UK UPDATE – A New Takeover Panel Consultation

Editors’ Note: Contributed by Nigel Boardman, a partner at Slaughter and May and a founding director of XBMA.  Mr. Boardman is one of the leading M&A lawyers in the UK with broad experience in a wide range of cross-border transactions.

The Panel has today (19 September 2017) published its consultation paper PCP 2017/2 on statements of intention. The Panel has been concerned for some time that the disclosures by a bidder in relation to its intentions for the target business (required to be made in the offer document) have been bland and generic, and therefore do not really provide the target board and other stakeholders (particularly employees and pension scheme trustees) with sufficient specific information to make a meaningful assessment of the bid.
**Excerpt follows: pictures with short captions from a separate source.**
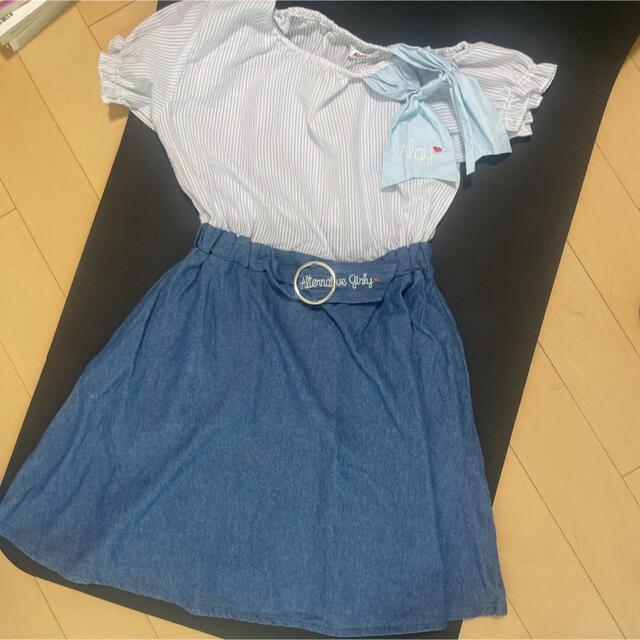 ALGY(アルジー)のALGYワンピース160cm キッズ/ベビー/マタニティのキッズ服女の子用(90cm~)(ワンピース)の商品写真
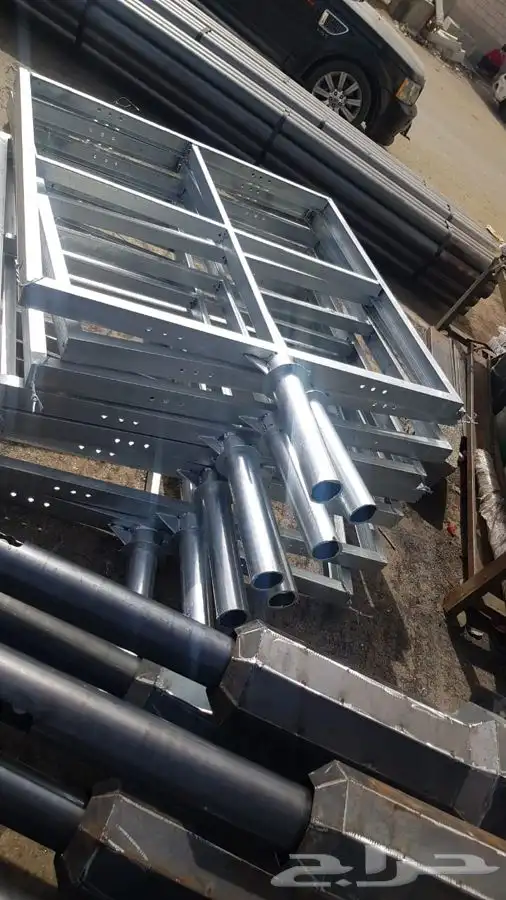 اعمده ديكوريه المنيوم حسب الشكل وحسب الامتار 28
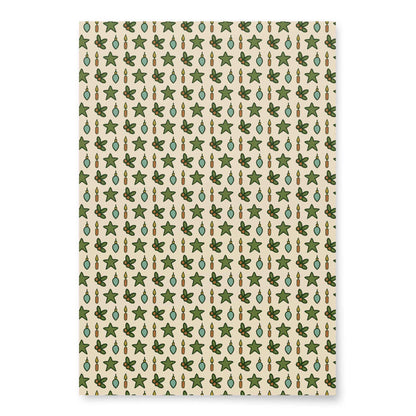 Bigfoot Christmas Wrapping Paper - Holly Jolly Bigfoot 3-Piece Cryptid Holiday Gift Wrap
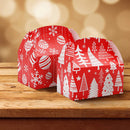 5.25" Christmas Red Gable Candy Boxes, 24 Pcs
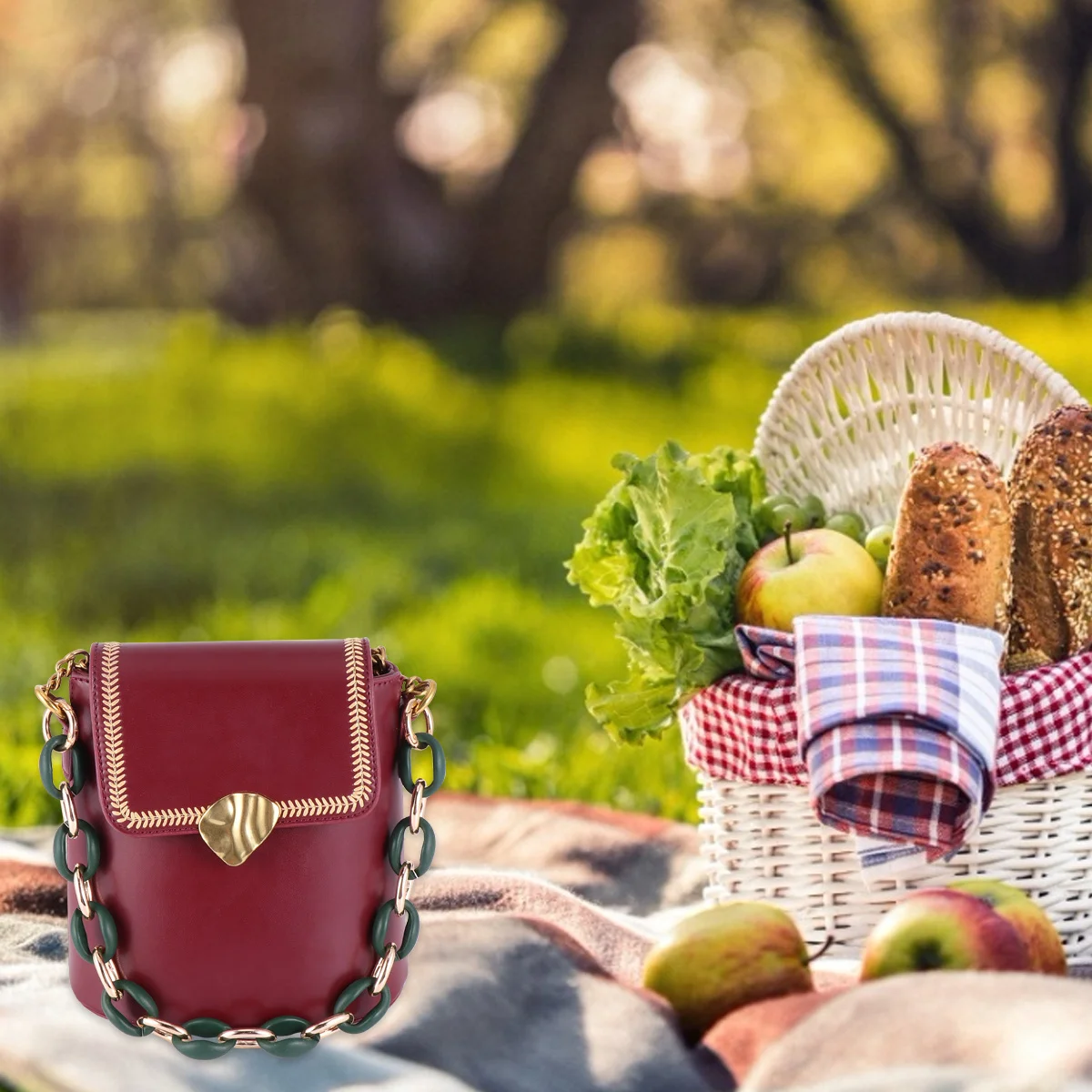 قطعة واحدة من سلسلة حقيبة الذهب المختلطة، سلسلة قصيرة من خليط معدني، حزام بديل لحقيبة اليد ومحفظة حقيبة كروس للديكور #5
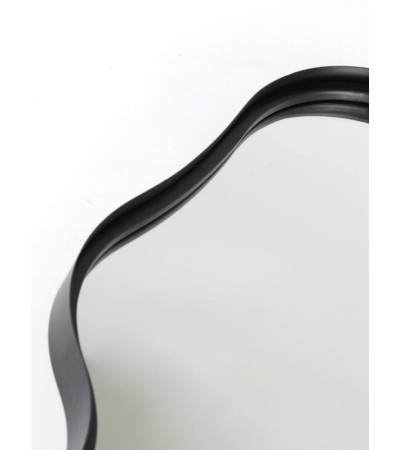 Miroir organique noir mat LEVU 39x59 cm – Design moderne | Lumiland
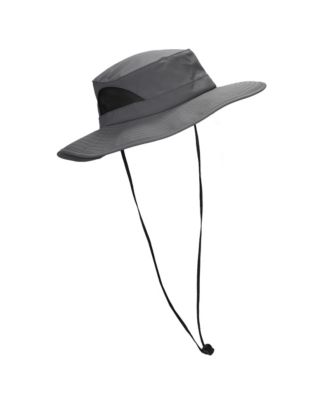 Men's 2-Pack Charcoal & Khaki Wide Brim Technical Boonie Sun Hat with Vented Mesh Piecing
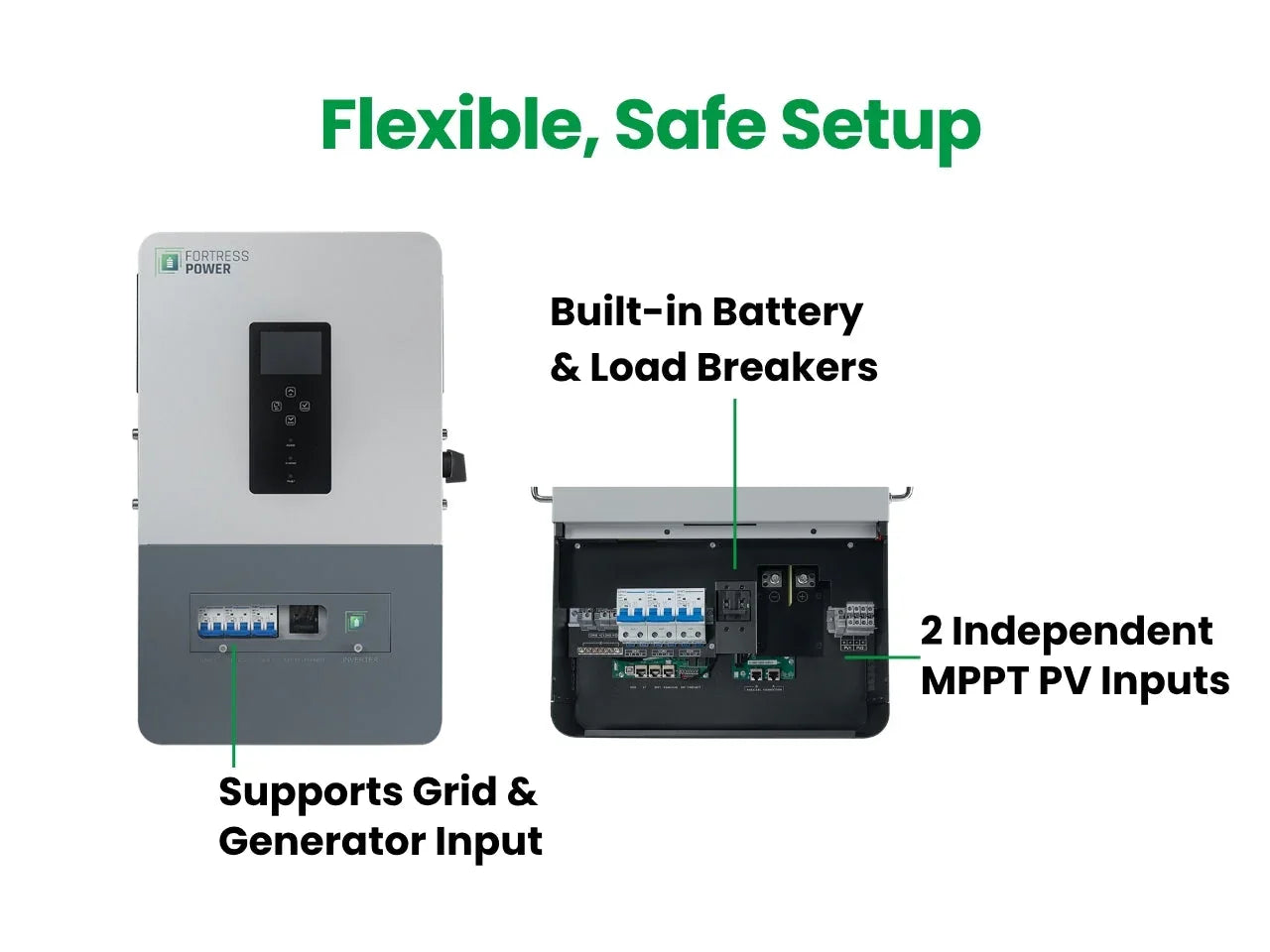 Fortress Power Solo 6.5K Non-export Hybrid Inverter - Green Vista Living
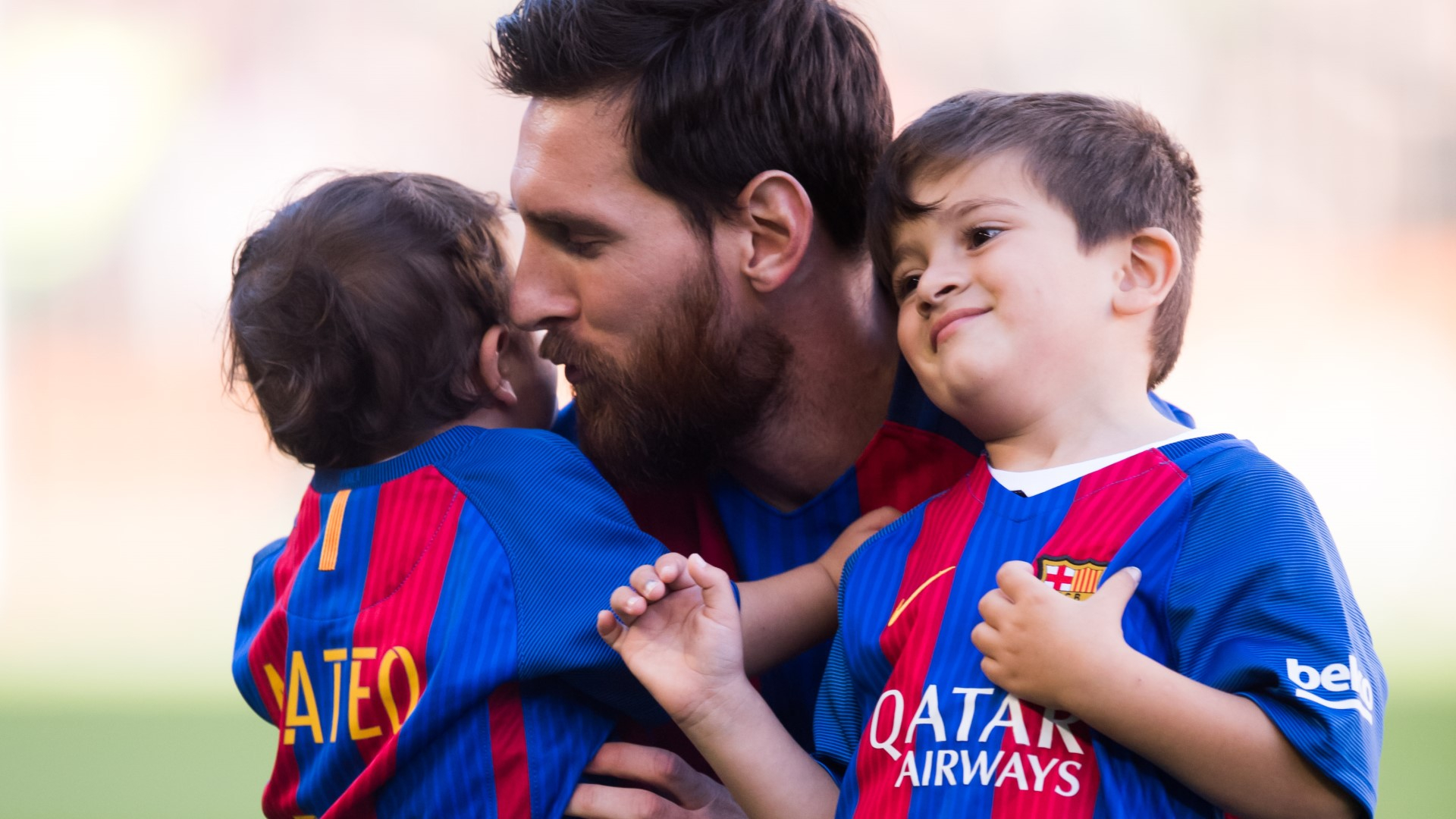 Lionel Messi Thiago Is A Good Boy Mateo A Little Terror Goal Com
This is an area of the Code that has now been consulted on a number of times, firstly following Kraft’s takeover of Cadbury, and subsequently following Pfizer’s possible bid for AstraZeneca (which did not proceed).  The consultation paper sets out certain proposals to address this issue and other related matters.

In summary, the proposals would, if implemented: 

widen the scope of “social/employment disclosures” by bidders from the current regime (impact on employees and places of business)

In particular, the Panel is requiring specific disclosures to cover:

o   the impact on the target’s R&D function

o   the “balance of skills and functions of [the target’s] employees and management”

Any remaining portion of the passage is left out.